A year ago, electoral reform was barely on the agenda. Labour had won three elections in a row promising a referendum on the way we vote for MPs, and in government it had introduced different versions of proportional representation for elections to the European Parliament, the Scottish Parliament, the Welsh Assembly and the London Assembly. Roy Jenkins had laboured mightily during Labour’s first term to produce a report recommending a more proportional system for electing the Commons, published in 1998. But the promised referendum on the Commons voting system had not happened – and since becoming prime minister Gordon Brown had given no indication of interest in it.
Then, however, came the MPs’ expenses scandal – and suddenly electoral reform once again lurched into view. There were letters in the papers and petitions demanding change. At last autumn’s Labour conference Brown promised a referendum on the voting system to allow voters to choose between the first-past-the-post status quo and the alternative vote (in which you have single member constituencies and mark your ballot paper “1, 2, 3, 4” in order of preference instead of “X”). And last month, Jack Straw, the justice secretary, said the government would legislate before the general election for such a referendum. Cue more letters in the papers and, of course, a backlash against the referendum among Labour MPs – apparently led by Ed Balls, the schools secretary – culminating in a meeting of the Parliamentary Labour Party on Monday that seems to have come to no conclusion whatsoever.

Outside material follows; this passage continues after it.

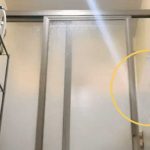 ¡VIDEO! Sujeto logra captar terrorífico espíritu en su baño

I’ve been an anorak on electoral reform for getting on for 25 years, but I’m afraid I’ve found it a bit difficult to get worked up about it this time round.
On one hand, what’s most likely to be on offer (if anything) is deeply unattractive. A multi-choice referendum with the options of the status quo, the alternative vote and a proportional electoral system would be fine. But a choice between first-past-the-post and AV is not. AV is not a system of proportional representation – and it’s not a step towards PR. Indeed, in many respects it’s worse than first-past-the-post when it comes to reflecting the spread of opinion in the electorate: voting “1, 2, 3, 4” and redistributing preferences means that the least unpopular candidate wins in every constituency. Big deal!

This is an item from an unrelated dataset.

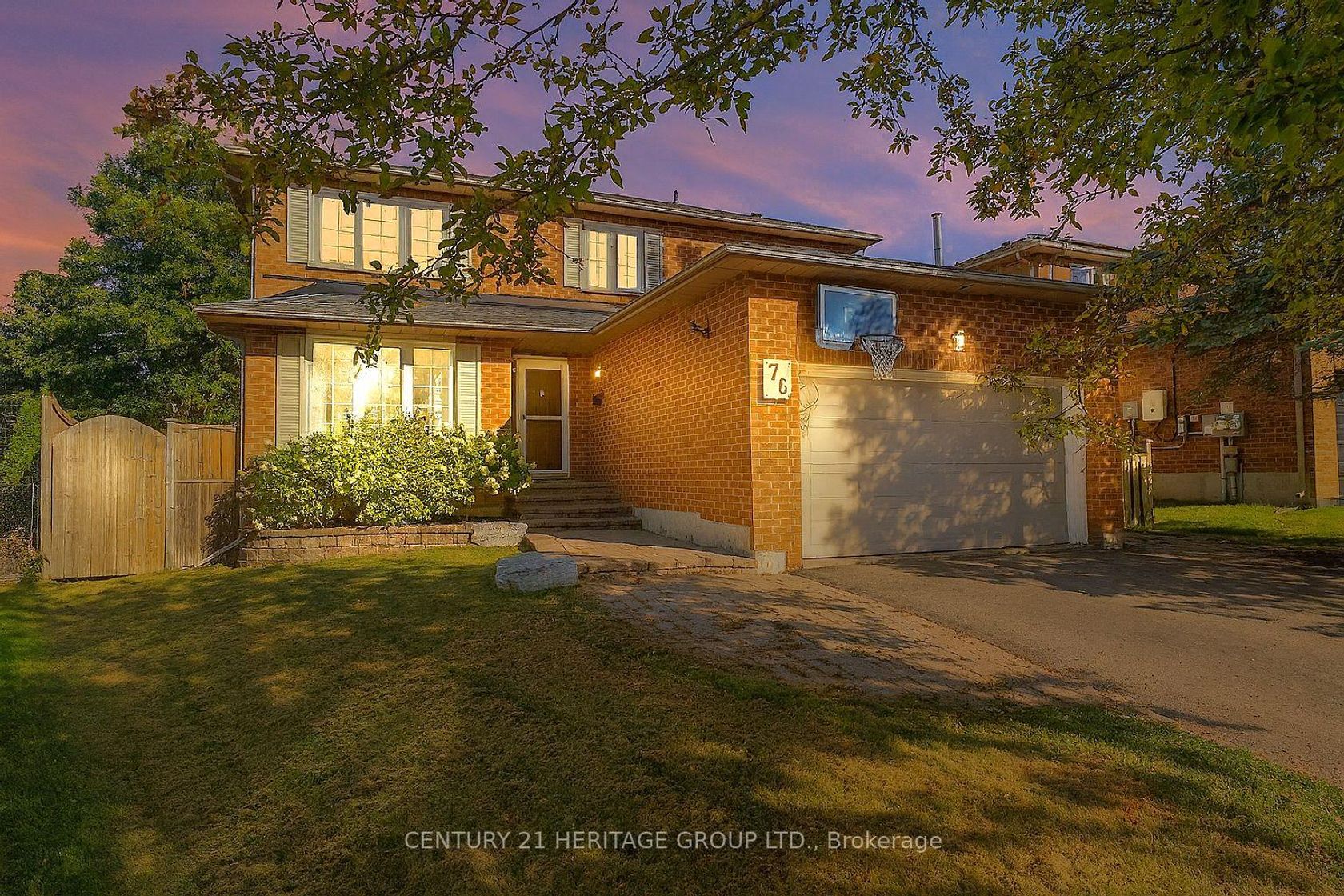 76 Attridge Drive, Aurora Village, Aurora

On the other hand, it’s a bit late for Labour to be changing the voting system. Yes, it’s a matter of democratic principle, and yes, I’ve signed the petitions, but legislating for potential change now, with a general election imminent and Labour 10 points behind in the opinion polls, smacks of desperate opportunism.
What ought to have happened is easy enough to spell out. Labour should have agreed in 1994 or 1995 to propose a sweeping new constitutional settlement for the UK in its first term, with proportional representation for Westminster elections integrated with a democratic second chamber based on regional and national devolution – so that, when implemented, we’d have had something like the federal republic of Germany as our political system. Of course, that’s just a bit too neat: there are plenty of things in the German basic law that wouldn’t have worked for Britain, not least because we’ve got three stroppy Bavarias to contend with, hazy boundaries to regional identities in England and a monarchy (at least in stage one) ... but you get my drift.
The idea of a “big package” constitutional revolution was first given traction by Stuart Weir, Anthony Barnett and others who set up Charter 88 in the wake of the 1987 general election. They were dismissed at first by the Labour leadership – Neil Kinnock famously described them as a bunch of “whiners, whingers and wankers” – but Kinnock and others gradually came round. By 1993, a Labour Party commission headed by Raymond Plant had recommended an end to first-past-the-post Westminster elections – and with a democratic Lords and devolution to Scotland and Wales solid Labour policy under John Smith (and John Prescott winning the argument on regional government for England in Labour circles), it looked as if a Labour government just might do the business.
Instead, Smith died, and Tony Blair decided that constitutional questions were a diversion. The focus groups didn’t see them as a priority. Labour rowed back from electoral reform and promised referendums galore on devolution. Lords reform was watered down.
What was left by 1997 was worth having, particularly devolution to Scotland and Wales. But the government lost all momentum on the constitution by 2001– both on Lords reform, which was appallingly fudged and then put out for endless consultation, and on electoral reform, on which nothing happened after Jenkins produced his report. English regionalism breathed its last as a cause (at least for now) after a farcical referendum in the north-east voted no to a regional assembly in 2004.
It is a sorry story of opportunities missed – and it would be great if the government could make amends, just a little, in the next couple of months. But something tells me that this is going to be one for the Labour manifesto after next.